On Thursday evening it became quite apparent that the BJP-led NDA was the victorious side by a large margin. A triumphant Modi spoke to the jubilant BJP workers after the mandate of the people. During his speech at the BJP headquarters, the leader said that this victory was verdict for a new India, adding that the number of seats that BJP won in itself was a phenomenon in the history of democracy.
"Since the country got Independence, so many elections took place, but the maximum voting took place in this election, and that too in 40-42 degree temperature," he added. While the party and its supporters rejoiced the victory, the foreign media was divided on the same.
Here's what the foreign media had to say after the resounding victory of the BJP:
India's Modi wins resounding election victory with potent appeal to nationalism - The Washington Post
The Washington Post said that in Modi's victory, "voters endorsed his vision of a muscular, assertive and fundamentally Hindu India". The report further added that Modi, who the new site termed as charismatic but polarising, is part of a crop of the right-leaning populist leaders around the world. The daily mentioned that there was a belief in his first term that he would unshackle the economy and create jobs, which remained unfulfilled. Moreover, this time around he "pushed a message of nationalist pride" and telling people that only he could keep India safe, it said.
Modi and BJP Make History in India. Gandhi Concedes. - The New York Times
In its coverage of the Indian elections, NYT gave a lowdown of the key takeaways of the poll verdict. It said that Modi struck a populist tone along with evocation of mythical Hindu figures and framed the verdict as a win for ordinary Indians. The NYT also credited Amit Shah, who they called a Hindu hardliner, for the BJP's win. The daily further added that the number of Muslims in the Parliament is henceforth expected to fall to a 'historic low'.
Narendra Modi's landslide: bad for India's soul - The Guardian
British media outlet The Guardian wrote a scathing editorial on PM Modi titled 'The Guardian view on Narendra Modi's landslide: bad for India's soul'.
"The landslide win for Mr Modi will see India's soul lost to a dark politics - one that views almost all 195 million Indian Muslims as second-class citizens," read The Guardian editorial. It added: "A divisive figure, Mr Modi is undoubtedly a charismatic campaigner. Rather than transcend the faultlines of Indian society - religion, caste, region and language - Mr Modi's style is to throw them into sharp relief. He is a populist who speaks in the name of the people against the elite despite being a seasoned public figure. Mr Modi deployed with terrible effect false claims and partisan facts."
Narendra Modi's landslide re-election in India is another win for religious nationalism - Los Angeles Times
The Los Angeles Times quoted Irfan Nooruddin, director of the Georgetown India Initiative at Georgetown University who said that Amit Shah and Modi ran one of the most polarising campaign in Indian history. The daily added that at a time when religious nationalism was on the rise across the globe, Modi has pushed India towards his vision of a Hindu nation.
Congress leader Rahul Gandhi loses his home seat in humiliating election defeat - The Telegraph
The Telegraph said that the INC went from "understated optimism to shellshocked defeat within a span of a few hours". It called Congress' performance a humiliation.
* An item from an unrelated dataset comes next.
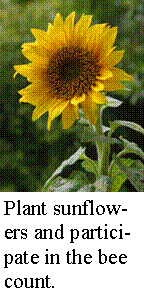 [sunflowercaption.gif]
The Telegraph called Gandhi a 'youthful pretender' who grew in his role in the last 18 months. The daily also said that the Congress President's inability to form good relations with regional parties cost him the elections.
Narendra Modi has reinvented Indian politics - BBC News
The BBC said that PM Modi made the elections all about himself. The economy was not upbeat but people were not blaming the leader yet, the report said, adding that he actually asked for five more years to undo more than 60 years of mismanagement. BBC further added that a mix of "nationalist rhetoric, subtle religious polarisation and a slew of welfare programmes" helped the PM.
Modi victory augurs well for Japan-India ties - The Japan Times
The Japan Times said that Modi's victory will work well for Japan-India ties as the leader shares "Abe's soft nationalism, market-oriented economics and geopolitical goal to create a web of interlocking strategic partnerships among like-minded Asian countries." It invoked the Pulwama incident and said that national security was one of the major decisive factors.